Freeing up resources for developing core business – Back in the days of mainframe, every business will have to set aside a monthly manpower and overheads budget for the upkeep and maintenance of the infrastructure. Accounting for outages, delays and other unforeseen eventualities, every business would end up setting aside a large chunk of its spends that could have been utilised on resources critical to the core business value proposition. Licenses would also take up some resources. Texas-based solutions company, BMC, conducted a Mainframe Survey in 2015 which found that 48% of the companies surveyed spent between 25% and 50% of their mainframe software budget on monthly license charges (MLC) and another 22% said that they spent more than half of their mainframe software budget on MLC costs. When these costs are scaled in accordance with business growth and customer acquisition, it enables the business to employ better resources to deliver a better product, service or solution.

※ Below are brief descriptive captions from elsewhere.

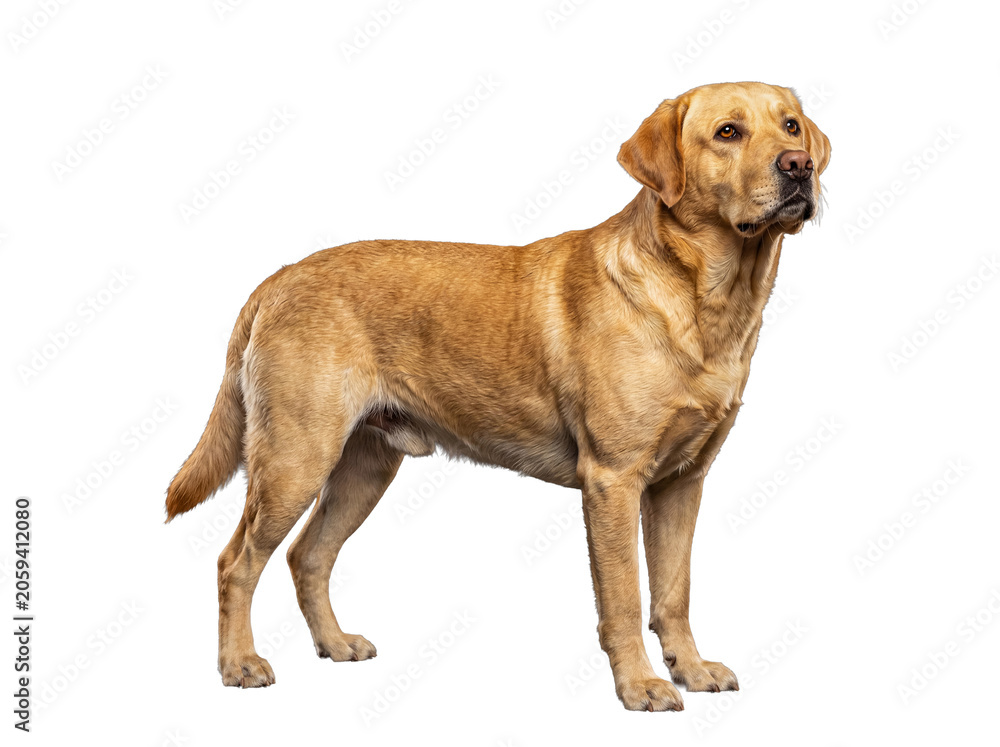 Fototapeta premium A beautiful golden Labrador Retriever dog standing elegantly, looking upward, isolated on a transparent background.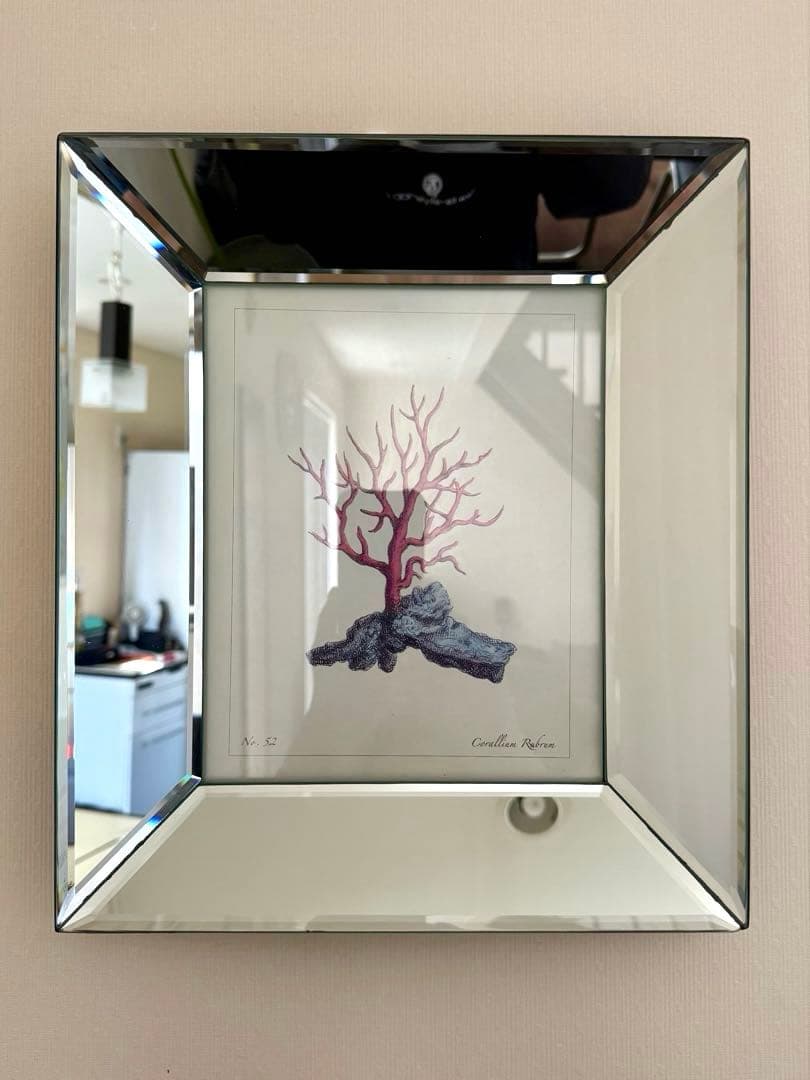 高級4面ミラーのフォトフレーム 額縁 四角形 赤いコーラル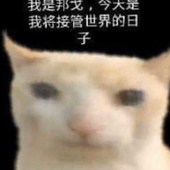 revengeofindigo 的头像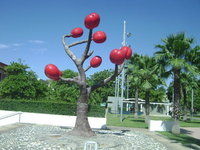 Andrea Malave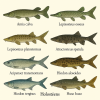 dessine moi 6 holosteens (poissons) d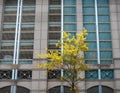 Single tree in front of industrial facade in Charlotte, Noth Carolina, USA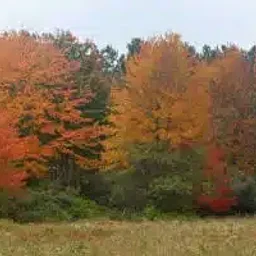 Free Family Friday – Fall Foliage Walk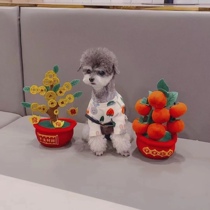 Mrs Mays pet health care worker Luan Linzhi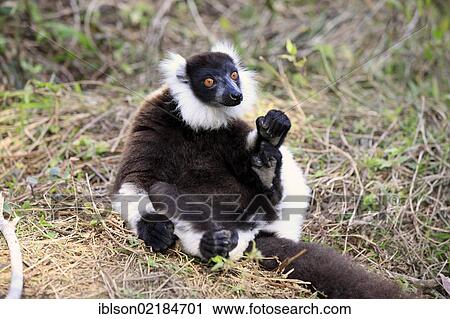 Black-and-white Ruffed Lemur (Varecia variegata), adult sitting on the ground, Madagascar, Africa View Large Photo Image Stock Image - Black-and-white Ruffed Lemur (Varecia variegata), adult sitting on the ground, Madagascar, Africa. Fotosearch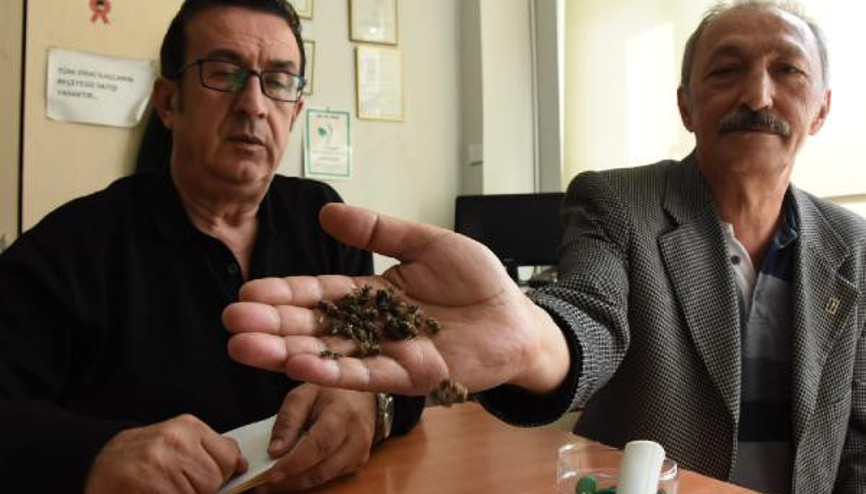 İnegöl’de toplu arı ölümleri korkutuyor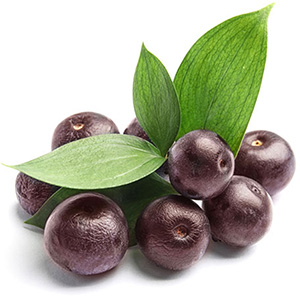 Acai Herbasol® Extract PG (PF)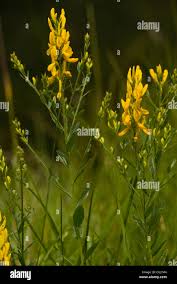 Image result for Genista tinctoria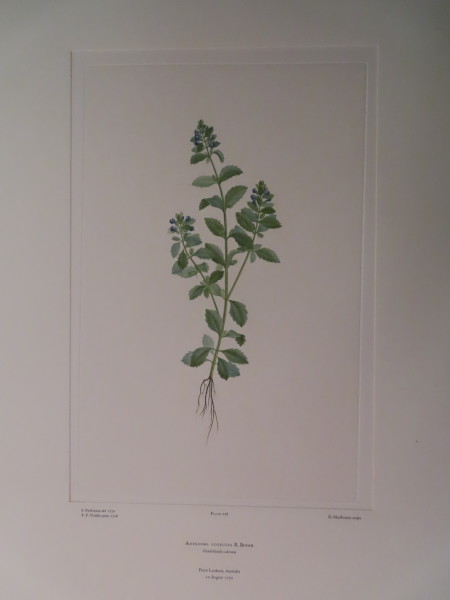 image FDA-E.2916_11_6-2016
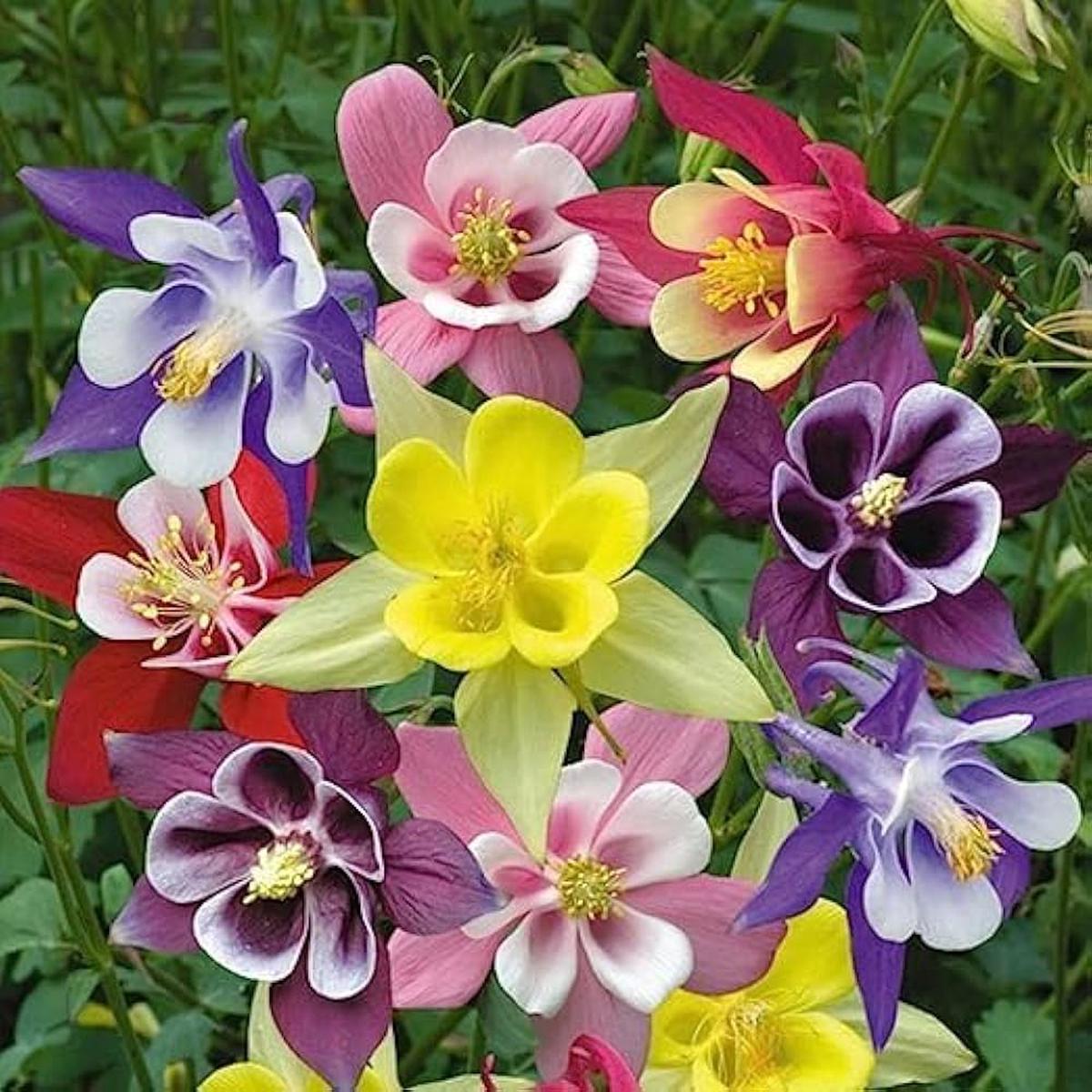 Aquilegia Stern Mix Columbine seeds  tall flowering mix for borders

Add on services for seamless delivery – Competition in the Cloud space has driven every provider to develop a comprehensive layer of services on top of their storage facility. While designing our architecture, initially we had looked at how we might have to coordinate with multiple providers for different pieces of the solution to deliver a seamless video streaming experience. We have been pleasantly surprised to find services to help us store, transcode, protect and deliver the videos in the most efficient manner. You also end up saving a considerable amount of development time since these services come pre-integrated with the storage layer.

Ease of managing distributed teams – This was perhaps the earliest sales pitch for the Cloud: the “anywhere, anytime” promise. For us, having data on the cloud has enabled multiple experts from various geographies, across multiple time zones, to operate as one cohesive unit to deliver a great product.

Coming back to our example of the Supermarket with one till, Cloud is like a service that offers a bunch of people with POS machines. These people come in during rush hours, and ease the billing rush. Given that a few such agencies are trying to win the Supermarket’s business, they also provide people to bag the goods, carts to move the goods, and sometimes even drop your purchases home!

A few days ago, we celebrated 30 years of the World Wide Web, first proposed by Tim Berners Lee on 11th March, 1989. The internet was designed as a global, larger version of the US Military’s ARPANet developed in the 60s. The primary consideration behind this was Disaster Recovery Management. Incidentally though, at its core, Cloud Computing is the same distributed computing philosophy, now applied to most online businesses.

At Notebook, getting on the Cloud is us keeping our promise to offer the same seamless product to every student, irrespective of the city, town or village where the student is studying from. It gives us the ability and hence, the confidence, to aspire to touch the lives of the next Billion internet users, to educate a whole generation of leaders.